## WHAT THIS TASK INVOLVES
Restrict the output to the lines below starting at the one that contains "Bel Appartement Pour 2 Avec Balcon" and ending at the one that contains "PRF e Polícia", and restate them word for word, both ends included.

BEGIN DATA EXTRACT

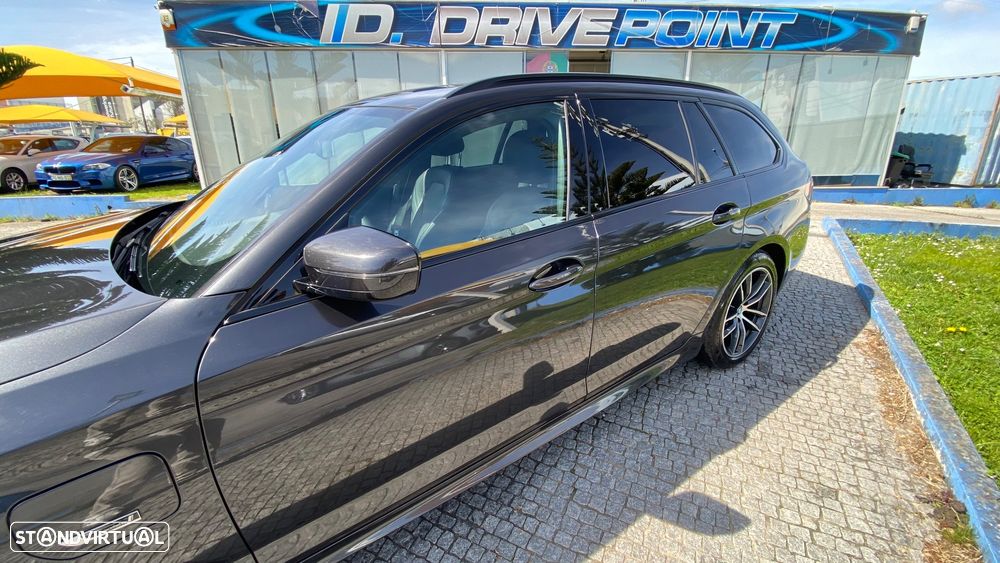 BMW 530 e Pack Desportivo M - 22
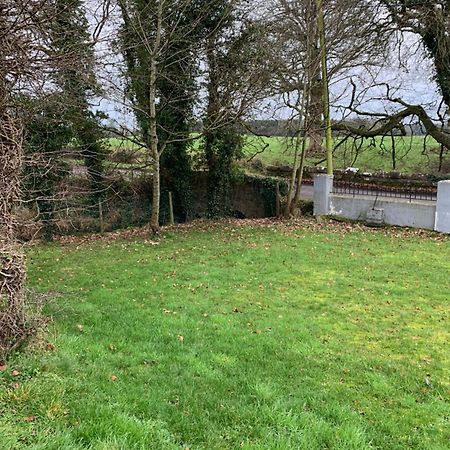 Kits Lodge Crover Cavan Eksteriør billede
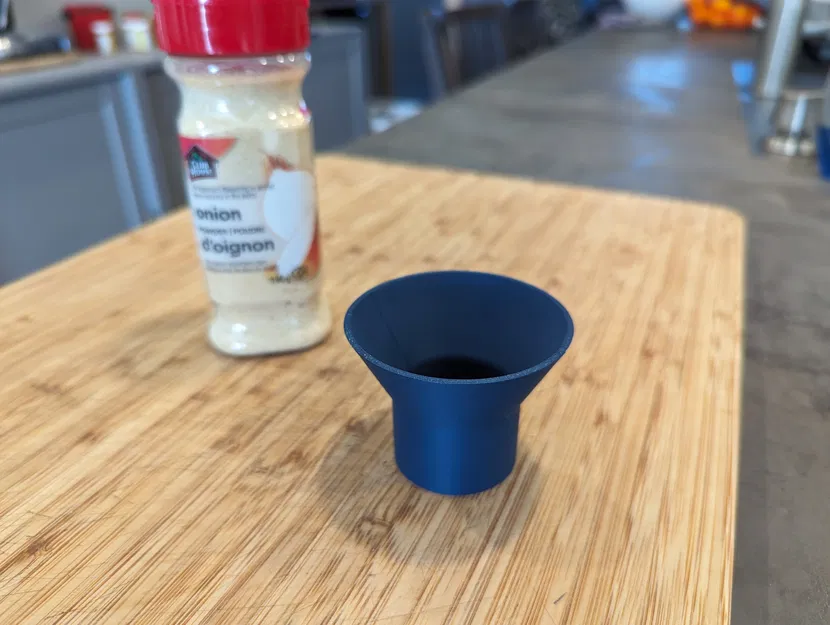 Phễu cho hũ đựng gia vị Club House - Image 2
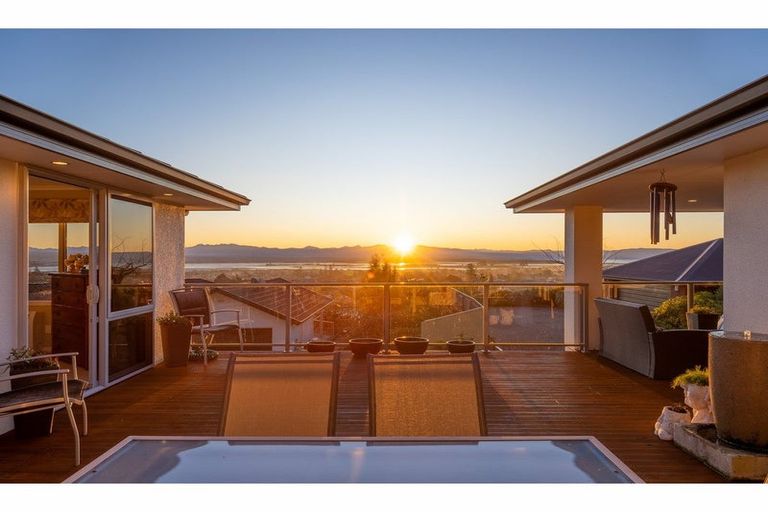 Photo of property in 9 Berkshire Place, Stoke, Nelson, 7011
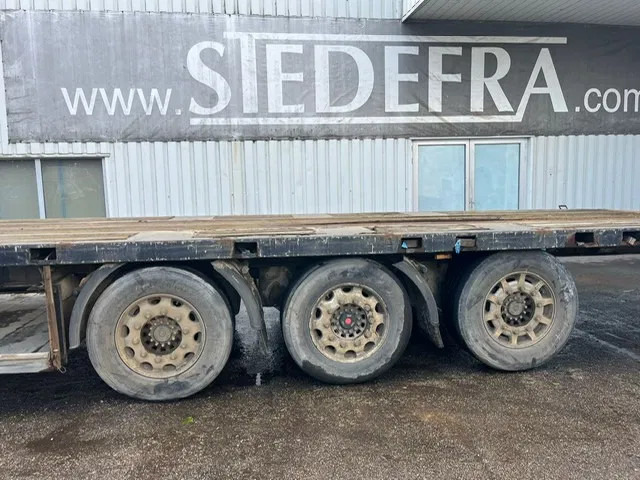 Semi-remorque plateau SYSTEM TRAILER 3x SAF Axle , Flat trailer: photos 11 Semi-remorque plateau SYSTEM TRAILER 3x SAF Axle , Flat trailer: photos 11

END DATA EXTRACT
BEGIN DATA EXTRACT

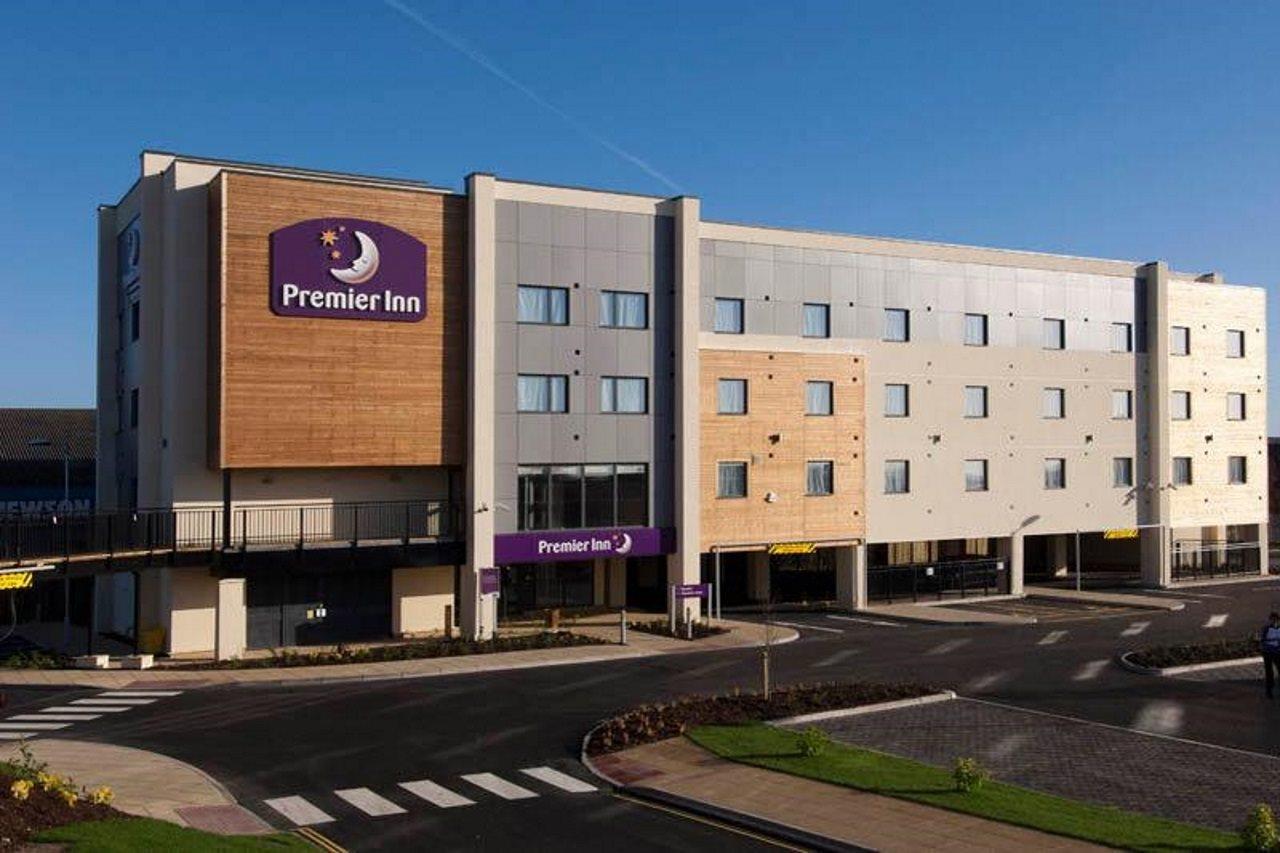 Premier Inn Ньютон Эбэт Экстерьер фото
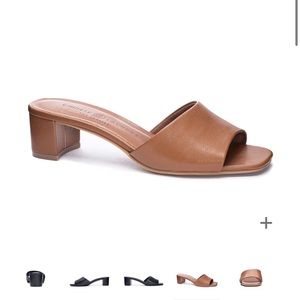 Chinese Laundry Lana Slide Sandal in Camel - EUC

END DATA EXTRACT
BEGIN DATA EXTRACT

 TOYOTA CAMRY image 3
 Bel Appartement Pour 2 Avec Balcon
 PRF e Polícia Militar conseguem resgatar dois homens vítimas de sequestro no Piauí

END DATA EXTRACT

## SOLVED EXERCISE
 Bel Appartement Pour 2 Avec Balcon
 PRF e Polícia Militar conseguem resgatar dois homens vítimas de sequestro no Piauí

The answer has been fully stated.